# PSEJATC Inside Wireman Apprentice Rank 585



## watts_power (Feb 28, 2020)

Hi Everyone,
I'm from the Seattle area. Today I received my interview score of 95.15 out of 100. My aptitude score was 8 for math and reading (9 is the highest possible score). I am ranked at 585. I believe this means that there 584 people ahead of me. Can someone help me understand why I am rank at 585? Should I get some field experience or take some classes and then retake the interview in 6 months?


----------



## joebanana (Dec 21, 2010)

Maybe. Depends. What experience do you have in the electrical field? How many of those 585 will drop out? You should direct your questions to the local organizer, or the director of the school.


----------



## watts_power (Feb 28, 2020)

I don't have much experience in the electrical field. I called Local 46. They were not able to give me any information. I will probably call the JATC office next week. I thought I would try finding information online first. Thank you for your response.


----------



## John Valdes (May 17, 2007)

If your at 585 with your test scores, thats one lucky local to have that much brain power on hold.


----------



## watts_power (Feb 28, 2020)

Thanks, everyone for viewing and replying to this post. I called the JATC and they told me that I will need to reapply in 6 months. And I also need to need to work at a job for 1000 hours or take 2 college courses related to the field prior to the interview retake.
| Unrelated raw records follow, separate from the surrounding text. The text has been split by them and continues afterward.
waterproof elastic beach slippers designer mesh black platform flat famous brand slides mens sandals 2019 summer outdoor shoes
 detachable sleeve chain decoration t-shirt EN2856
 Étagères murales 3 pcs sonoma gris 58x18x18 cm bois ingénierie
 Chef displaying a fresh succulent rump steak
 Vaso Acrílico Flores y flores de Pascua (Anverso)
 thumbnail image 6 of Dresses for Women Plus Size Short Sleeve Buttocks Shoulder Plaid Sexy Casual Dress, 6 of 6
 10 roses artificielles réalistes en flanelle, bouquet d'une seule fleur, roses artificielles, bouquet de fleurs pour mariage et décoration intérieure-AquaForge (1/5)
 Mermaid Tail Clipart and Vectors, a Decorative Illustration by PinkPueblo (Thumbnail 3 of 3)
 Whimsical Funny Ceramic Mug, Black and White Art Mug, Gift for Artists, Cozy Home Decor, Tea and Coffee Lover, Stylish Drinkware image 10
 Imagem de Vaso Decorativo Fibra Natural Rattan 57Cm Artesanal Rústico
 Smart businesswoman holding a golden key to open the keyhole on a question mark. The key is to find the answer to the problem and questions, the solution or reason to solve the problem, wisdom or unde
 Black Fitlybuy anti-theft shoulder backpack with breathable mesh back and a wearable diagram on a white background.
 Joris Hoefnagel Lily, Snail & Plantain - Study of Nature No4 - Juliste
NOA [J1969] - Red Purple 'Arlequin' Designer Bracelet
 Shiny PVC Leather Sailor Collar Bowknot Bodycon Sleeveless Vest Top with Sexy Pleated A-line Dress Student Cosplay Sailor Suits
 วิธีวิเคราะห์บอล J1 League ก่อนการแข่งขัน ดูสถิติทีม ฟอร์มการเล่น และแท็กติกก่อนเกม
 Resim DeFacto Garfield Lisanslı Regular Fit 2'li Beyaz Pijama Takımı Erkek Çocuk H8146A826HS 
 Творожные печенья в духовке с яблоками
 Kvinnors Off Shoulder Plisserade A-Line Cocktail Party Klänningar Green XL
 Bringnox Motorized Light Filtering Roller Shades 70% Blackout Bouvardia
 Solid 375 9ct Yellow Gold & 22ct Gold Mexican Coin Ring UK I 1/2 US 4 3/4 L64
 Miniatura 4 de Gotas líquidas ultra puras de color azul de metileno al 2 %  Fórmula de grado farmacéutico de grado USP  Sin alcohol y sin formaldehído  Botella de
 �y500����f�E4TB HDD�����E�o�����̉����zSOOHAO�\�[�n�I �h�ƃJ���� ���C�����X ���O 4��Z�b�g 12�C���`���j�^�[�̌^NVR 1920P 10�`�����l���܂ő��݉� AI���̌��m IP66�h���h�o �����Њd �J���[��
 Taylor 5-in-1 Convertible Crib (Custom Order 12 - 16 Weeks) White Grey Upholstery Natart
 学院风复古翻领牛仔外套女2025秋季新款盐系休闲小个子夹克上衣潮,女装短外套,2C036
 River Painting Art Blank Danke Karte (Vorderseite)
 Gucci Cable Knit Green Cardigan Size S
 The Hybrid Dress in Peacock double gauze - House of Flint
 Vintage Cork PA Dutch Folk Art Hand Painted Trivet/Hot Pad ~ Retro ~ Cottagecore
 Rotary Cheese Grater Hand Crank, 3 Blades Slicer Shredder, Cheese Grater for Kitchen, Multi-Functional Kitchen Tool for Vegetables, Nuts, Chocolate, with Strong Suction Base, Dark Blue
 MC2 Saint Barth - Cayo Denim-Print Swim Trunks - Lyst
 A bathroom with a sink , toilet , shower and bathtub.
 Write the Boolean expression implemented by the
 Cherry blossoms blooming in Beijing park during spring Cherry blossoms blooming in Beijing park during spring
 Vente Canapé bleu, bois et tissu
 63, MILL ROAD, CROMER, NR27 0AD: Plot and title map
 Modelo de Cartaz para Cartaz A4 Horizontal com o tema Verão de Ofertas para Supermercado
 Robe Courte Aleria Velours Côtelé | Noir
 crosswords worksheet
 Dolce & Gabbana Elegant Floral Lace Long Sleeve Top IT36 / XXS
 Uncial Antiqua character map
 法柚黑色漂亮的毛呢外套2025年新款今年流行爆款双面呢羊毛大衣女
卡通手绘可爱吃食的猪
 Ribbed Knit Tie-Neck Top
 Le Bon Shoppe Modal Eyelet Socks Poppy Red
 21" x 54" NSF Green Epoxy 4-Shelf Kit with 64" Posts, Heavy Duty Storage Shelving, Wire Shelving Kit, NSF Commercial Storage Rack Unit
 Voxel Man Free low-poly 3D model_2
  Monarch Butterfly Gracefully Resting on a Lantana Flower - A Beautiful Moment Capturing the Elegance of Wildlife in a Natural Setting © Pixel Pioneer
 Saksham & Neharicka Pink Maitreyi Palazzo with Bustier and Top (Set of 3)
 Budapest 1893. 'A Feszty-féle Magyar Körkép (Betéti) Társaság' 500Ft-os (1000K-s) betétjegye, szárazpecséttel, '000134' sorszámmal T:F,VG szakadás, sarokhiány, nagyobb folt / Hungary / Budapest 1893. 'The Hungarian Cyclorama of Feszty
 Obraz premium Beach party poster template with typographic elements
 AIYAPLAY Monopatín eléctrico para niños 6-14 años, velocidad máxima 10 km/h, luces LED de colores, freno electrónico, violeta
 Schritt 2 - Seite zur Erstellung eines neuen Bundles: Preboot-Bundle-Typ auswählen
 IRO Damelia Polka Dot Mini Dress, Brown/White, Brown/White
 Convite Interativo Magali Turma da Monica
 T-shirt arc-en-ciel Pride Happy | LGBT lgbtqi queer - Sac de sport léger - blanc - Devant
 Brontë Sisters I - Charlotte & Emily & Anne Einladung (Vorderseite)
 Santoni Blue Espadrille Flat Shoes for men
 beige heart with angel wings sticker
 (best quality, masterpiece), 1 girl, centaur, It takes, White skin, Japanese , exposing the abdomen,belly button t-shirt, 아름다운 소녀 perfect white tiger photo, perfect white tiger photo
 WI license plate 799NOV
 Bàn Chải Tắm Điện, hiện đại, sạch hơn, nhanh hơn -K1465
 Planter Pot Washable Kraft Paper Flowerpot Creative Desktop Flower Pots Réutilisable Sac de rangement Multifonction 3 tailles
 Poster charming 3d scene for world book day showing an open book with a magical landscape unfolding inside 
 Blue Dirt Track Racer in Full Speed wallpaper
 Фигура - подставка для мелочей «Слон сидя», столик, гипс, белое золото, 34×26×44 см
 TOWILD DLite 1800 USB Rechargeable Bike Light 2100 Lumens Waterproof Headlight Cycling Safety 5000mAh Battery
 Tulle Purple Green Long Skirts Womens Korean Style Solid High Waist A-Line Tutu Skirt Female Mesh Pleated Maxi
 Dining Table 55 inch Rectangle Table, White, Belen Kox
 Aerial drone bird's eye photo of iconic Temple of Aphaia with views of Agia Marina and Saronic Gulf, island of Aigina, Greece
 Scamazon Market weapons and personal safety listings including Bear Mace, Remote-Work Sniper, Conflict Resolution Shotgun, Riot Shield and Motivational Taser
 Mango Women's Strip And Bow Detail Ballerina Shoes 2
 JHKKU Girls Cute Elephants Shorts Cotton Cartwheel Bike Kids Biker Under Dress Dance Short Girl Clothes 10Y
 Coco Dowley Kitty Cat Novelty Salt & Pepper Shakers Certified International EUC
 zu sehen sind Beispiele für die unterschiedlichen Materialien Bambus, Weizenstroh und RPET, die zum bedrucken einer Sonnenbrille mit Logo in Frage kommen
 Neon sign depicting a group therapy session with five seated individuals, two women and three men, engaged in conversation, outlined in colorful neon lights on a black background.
I'm thinking about taking a welding class at the local community college. 
Please give me any suggestions for classes that will enhance my ability as an apprentice.


----------



## John Valdes (May 17, 2007)

watts_power said:


> Thanks, everyone for viewing and replying to this post. I called the JATC and they told me that I will need to reapply in 6 months. And I also need to need to work at a job for 1000 hours or take 2 college courses related to the field prior to the interview retake.
> 
> I'm thinking about taking a welding class at the local community college.
> Please give me any suggestions for classes that will enhance my ability as an apprentice.


Ask them. I know they do have electricians that weld and have welding certs.
But that is not the norm as far as what I have seen.
I think experience in this trade and training in this trade would be what they want?


----------



## watts_power (Feb 28, 2020)

Thank you. I will ask Monday morning.


----------